For God only knows what reason, it begins with a prelude staged in 1969 in Pasadena. A kid steals a necklace from a gypsy wagon and takes refuge in one of those old houses that look like W. C. Fields lived there. The doors slam open; people fall to their deaths; the floor opens and sucks the little thief into a cauldron of flames; and the house goes back to looking like a silent-film set. Forty years later, a pretty loan officer in a California bank named Christine Brown (Alison Lohman, sometimes unfairly confused with Lindsay Lohan) refuses to extend a delinquent loan to an ancient hag with one eye and a mouth full of black incisors who has an epileptic fit in the middle of the bank and puts a curse on the young career girl. The nightmare begins. The crone attacks her in the underground parking garage, wrecks her car and rips a button from her coat. Soon she hears the same voices the little boy heard back in 1969. A bug crawls into her nose in the middle of the night. The next day at work she spews blood all over the bank. Her boyfriend (Justin Long) pooh-poohs the whole thing, until she bakes a harvest cake to impress his snobby parents and a human eye pops out of the batter with the kind of ensuing dinner-table chaos that guarantees a short engagement with no need for the bridal registry at Bloomingdale’s.
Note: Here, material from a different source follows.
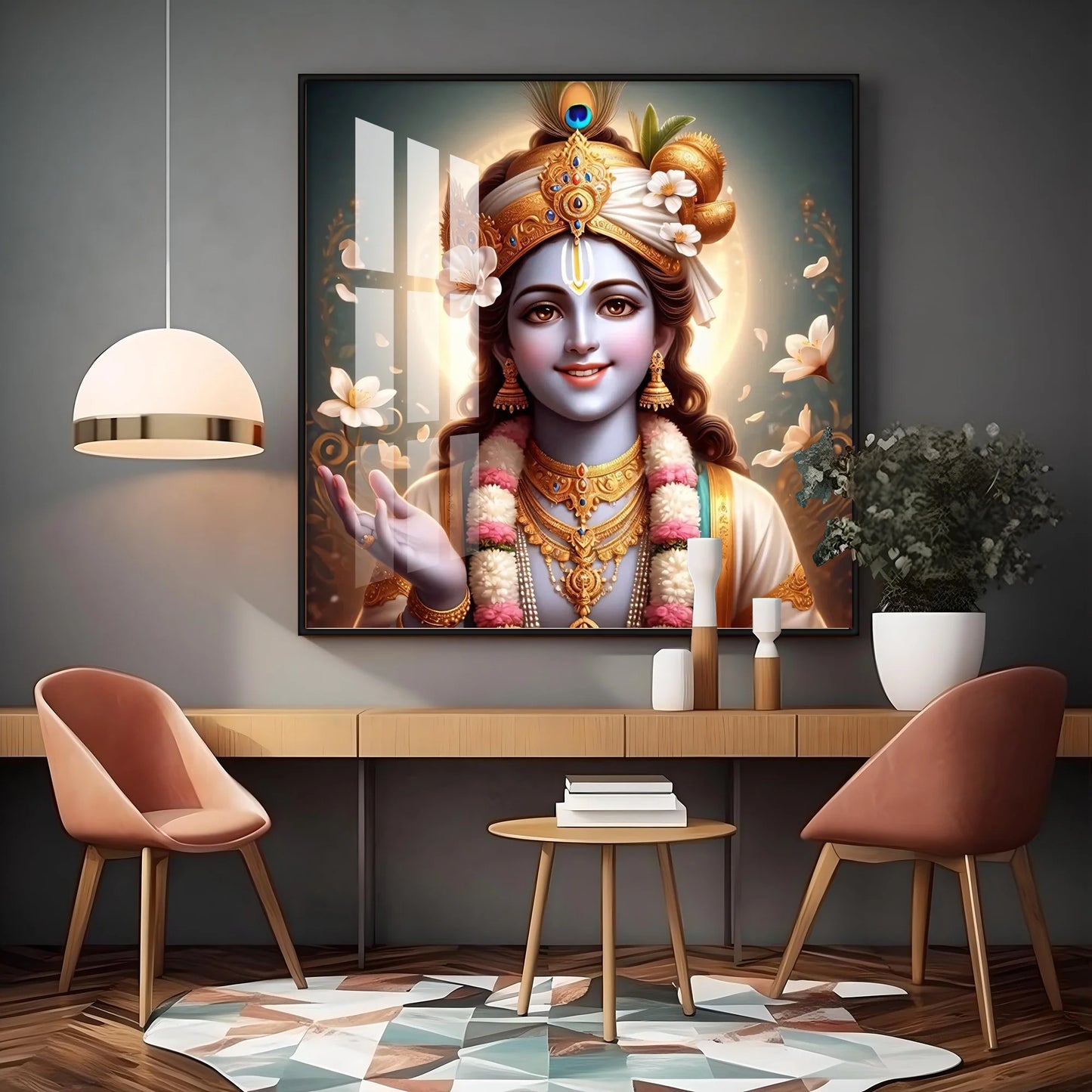 Hare Krishna Luxury Crystal Square Wall Art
Seeking the help of a loopy carnival medium, Christine finds herself up to her pierced ears in corpse vomit, animal sacrifice, violent séances and open graves. Nothing stops the curse. The road to deliverance leads to the same old house in Pasadena containing the doorway to hell, but the movie doesn’t end there. There’s still a preposterous finale in a grotesque cemetery that tickles the funny bone more than it assaults the nervous system. Sound effects play an important part in the superficial mechanics (pots and pans rattle, glass shatters, powerful forces knock people to the floor), and to Mr. Raimi’s credit, there is no happy ending. Still, the first rule in spook films is “If you want to hold the audience’s attention, make them believe the horror could really happen”—a rule Drag Me to Hell ignores at its own peril. Nobody in the movie knows anything about gypsy witchcraft. Didn’t they see Maria Ouspenskaya in The Wolf Man?